Using the scale_ layer allows us to reverse the x-axis. For this purpose, we use scale_x_reverse. We can do the same with the y-axis. It’s not really helpful for our baseball data, but it’s useful to know the trick.

ggplot(data = Bat14, aes(x = AB, y = HR)) +
        geom_point(aes(col = lgID), size = 2) +
        geom_smooth(method = lm, col = "green") +
        coord_cartesian(xlim = c(0, 700), ylim = c(0, 50)) +
        labs(title = "MLB Home Runs vs At-Bats by League", subtitle = "from Lahman Batting dataset", 
             x = "At-Bats", y = "Home Runs", caption = "for 2014 season") +
        scale_x_reverse(breaks = seq(0, 700, 100))

Beyond the basics, adding layers doesn’t really change the underlying data as much as it improves the presentation of our visual. Once again, here is our home runs by league chart. Notice we’ve added another layer, theme_set_. This allows us to choose a theme for the graphic from a set of available templates in ggplot2. There are eight to choose from. To read more, use the help feature by typing the command ?theme_by().

Once we have set the theme, we don’t need to worry about customizing it again. The theme we have been using so far is Classic.

ggplot(data = Bat14, aes(x = AB, y = HR)) +
        geom_point(aes(col = lgID), size = 2) +
        geom_smooth(method = lm, col = "green") +
        coord_cartesian(xlim = c(0, 700), ylim = c(0, 50)) +
        labs(title = "MLB Home Runs vs At-Bats by League", subtitle = "from Lahman Batting dataset", 
             x = "At-Bats", y = "Home Runs", caption = "for 2014 season") +
        scale_x_continuous(breaks = seq(0, 700, 100)) +
        theme_set(theme_classic())

But maybe we prefer the cleaner, lighter graphics of theme_bw().

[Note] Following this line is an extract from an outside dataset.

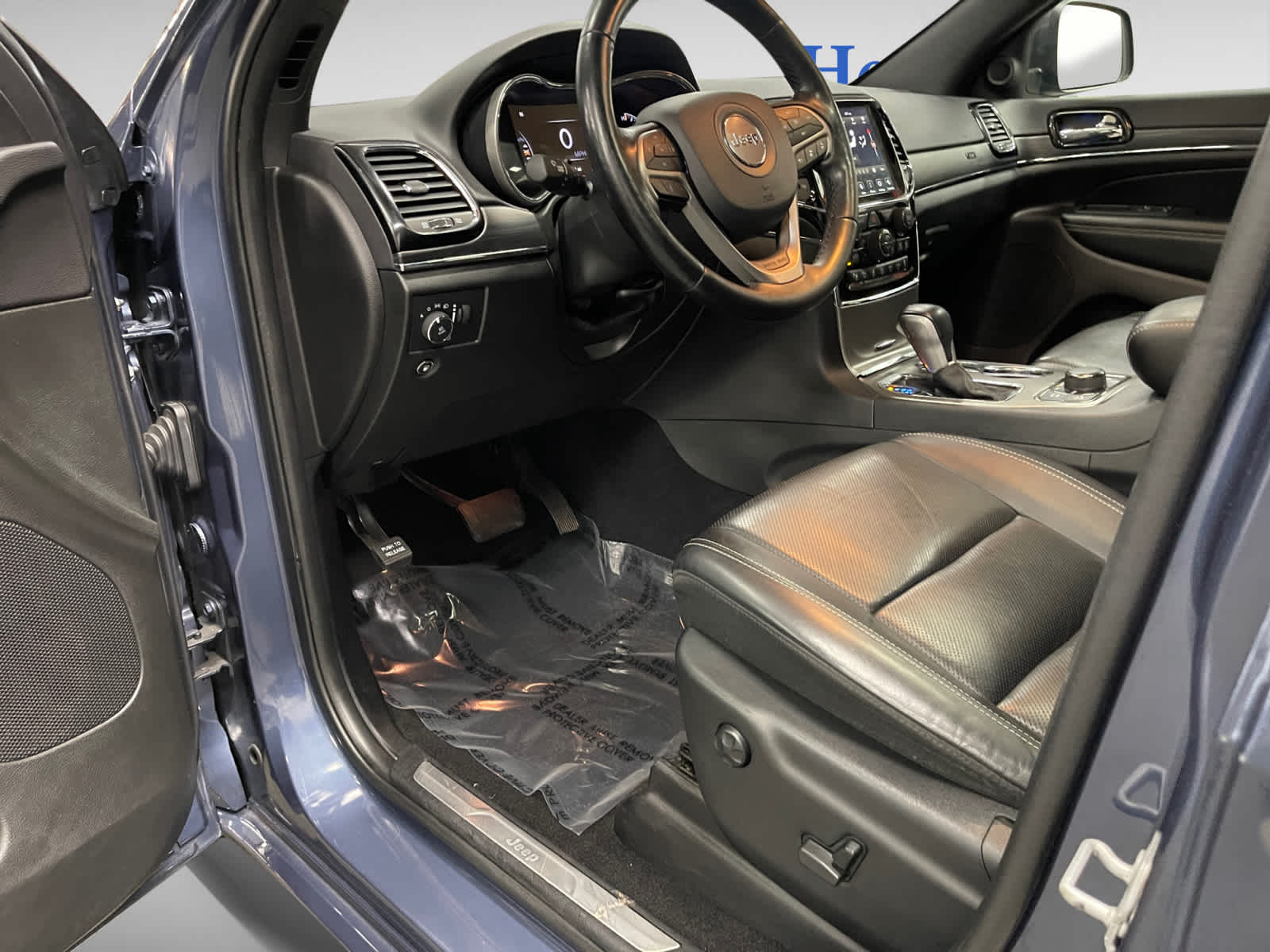used 2021 Jeep Grand Cherokee car, priced at $29,498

ggplot(data = Bat14, aes(x = AB, y = HR)) +
        geom_point(aes(col = lgID), size = 2) +
        geom_smooth(method = lm, col = "green") +
        coord_cartesian(xlim = c(0, 700), ylim = c(0, 50)) +
        labs(title = "MLB Hits vs At-Bats by League", subtitle = "from Lahman Batting dataset", 
             x = "At-Bats", y = "Home Runs", caption = "for 2014 season") +
        scale_x_continuous(breaks = seq(0, 700, 100)) +
        theme_bw()

In all these layers, it helps to pay around a bit with the settings to get a good feel for what is possible and to understand the flexibility of choices available in ggplot2.

I think we have illustrated the idea of building up a graphic using the layering principles underlying the ggplot2 structure. We are going to simplify things a bit now by creating an object. Rather than rewriting the code or copying and pasting our lines each time, we will just refer to a single graphic object. First, create the object, Bat14HRplot.

Bat14HRplot <- ggplot(data = Bat14, aes(x = AB, y = HR)) +
        geom_point(aes(col = lgID, size = H)) +
        geom_smooth(method = loess, col = "green") +
        coord_cartesian(xlim = c(0, 700), ylim = c(0, 50)) +
        labs(title = "MLB Home Runs vs At-Bats by League and Hits", subtitle = "from Lahman Batting dataset", 
             x = "At-Bats", y = "Home Runs", caption = "for 2014 season") +
        scale_x_continuous(breaks = seq(0, 700, 100)) +
        theme_bw()

Notice that we changed the code a bit, to create an argument that will relate the size of the data points according to the number of hits for each player. This allows us to introduce another data dimension to our graphic.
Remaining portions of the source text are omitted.